(DATA FOR THE TASK begins)

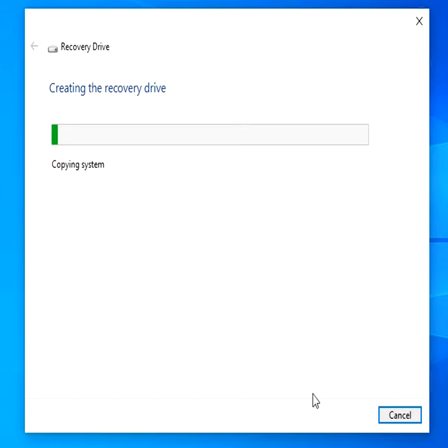Once finished, the system will confirm that the recovery drive is complete and you can remove it for future use.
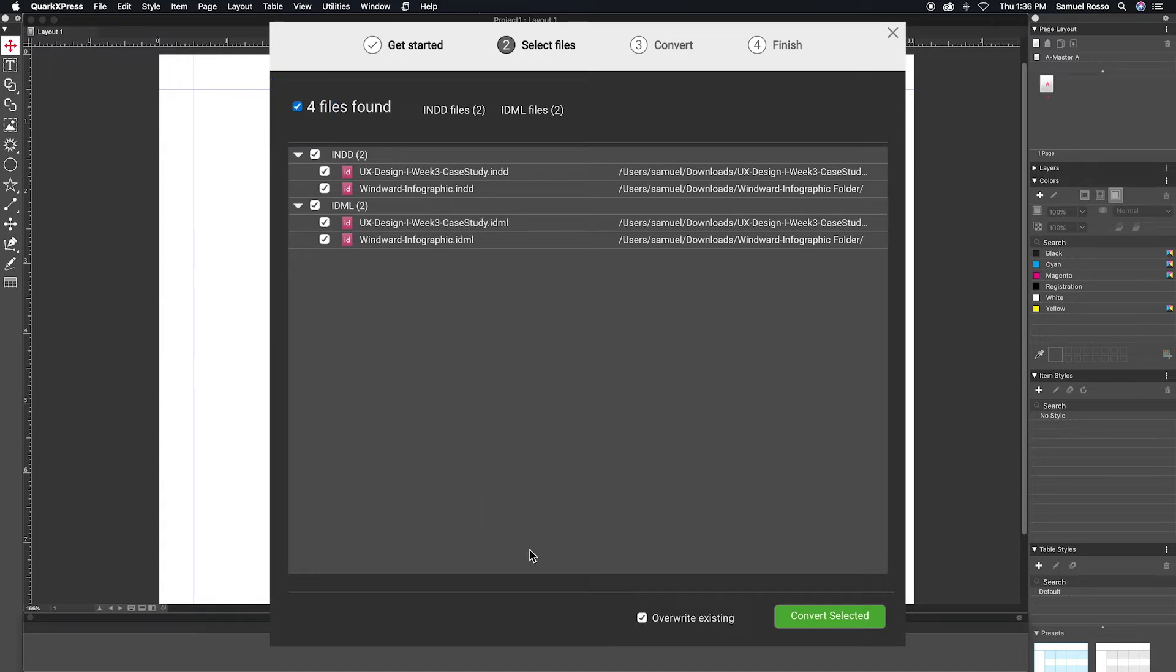During the conversion, QuarkXPress creates a new file with the same name as the original file in the same location, but with the .qxpp extension.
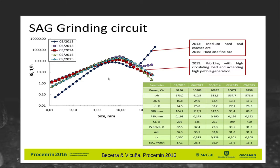In a BAG mill, you drive up the ball charge and the breakage rate curves shift into something that looks more like a ball mill pattern with only one peak. That right-hand peak visible on the SAG breakage rate curve disappears off to the right on the BAG mill curves. By driving up the ball charge you drive your breakage rate curves up and to the right, but you lose the self-breakage capability that breaks coarse rocks.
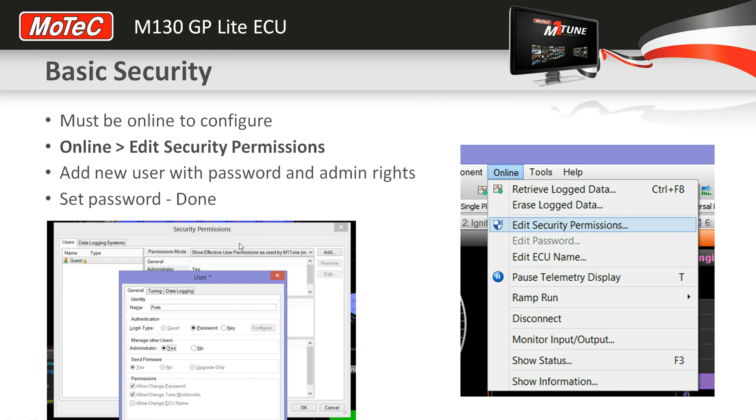You're going to enter a name for the user - your name or something like that, could be tuner. And then simply add yourself as an administrator.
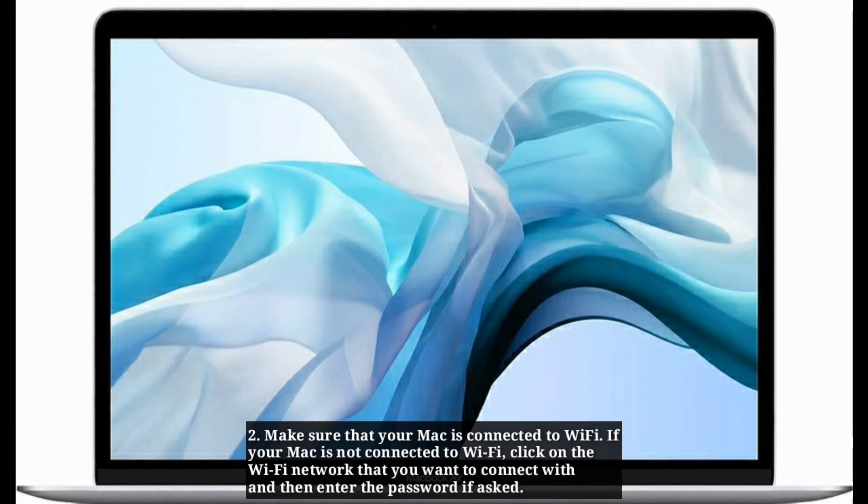If you receive operation not permitted error, try the following command in terminal. Then install macOS. Like and share this video and subscribe our YouTube channel. See you next time. Bye.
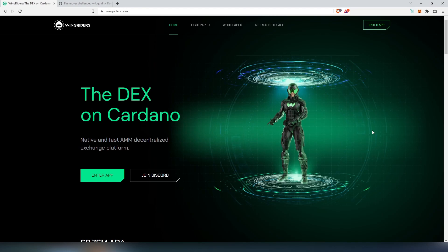What's up everybody, in this video we're going to be looking at the Wingriders DEX on Cardano and we're going to see what's the difference between other DEXes such as SundaySwap or Minswap.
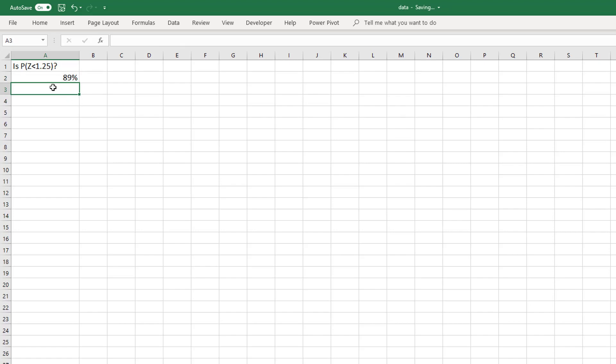So the probability that the z-score is less than 1.25 is 89%. When you are given the standard deviation, you can use it to calculate the z-score and from there calculate your probabilities.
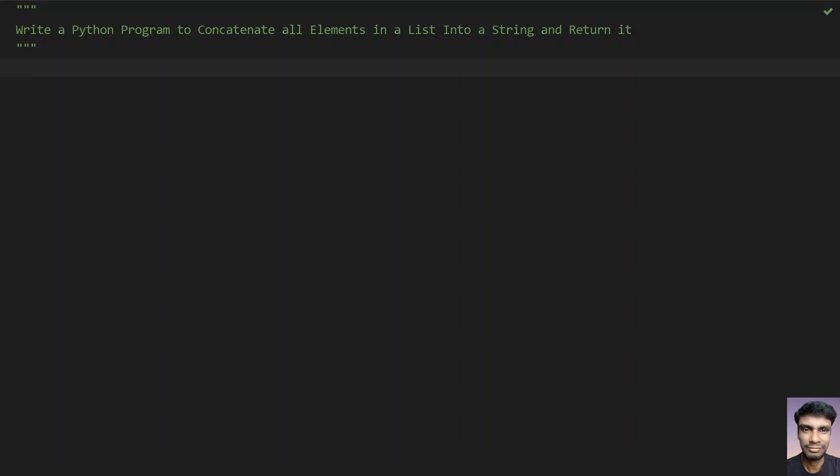Hey guys, welcome to my YouTube channel. In this video you will learn about how to write a Python program to concatenate all the elements in a list into a string and return it. So given a list of elements, you have to convert the list of elements into a string, then concatenate it and return it as a function call.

(DATA FOR THE TASK ends)

- DESCRIPTION OF THE TASK -
Beginning with the line above that contains "During the conversion, QuarkXPress" and ending with the line that contains "What's up everybody, in", quote each line exactly, keeping out the pictures.

- EXERCISE RESULT -
During the conversion, QuarkXPress creates a new file with the same name as the original file in the same location, but with the .qxpp extension.
In a BAG mill, you drive up the ball charge and the breakage rate curves shift into something that looks more like a ball mill pattern with only one peak. That right-hand peak visible on the SAG breakage rate curve disappears off to the right on the BAG mill curves. By driving up the ball charge you drive your breakage rate curves up and to the right, but you lose the self-breakage capability that breaks coarse rocks.
You're going to enter a name for the user - your name or something like that, could be tuner. And then simply add yourself as an administrator.
If you receive operation not permitted error, try the following command in terminal. Then install macOS. Like and share this video and subscribe our YouTube channel. See you next time. Bye.
What's up everybody, in this video we're going to be looking at the Wingriders DEX on Cardano and we're going to see what's the difference between other DEXes such as SundaySwap or Minswap.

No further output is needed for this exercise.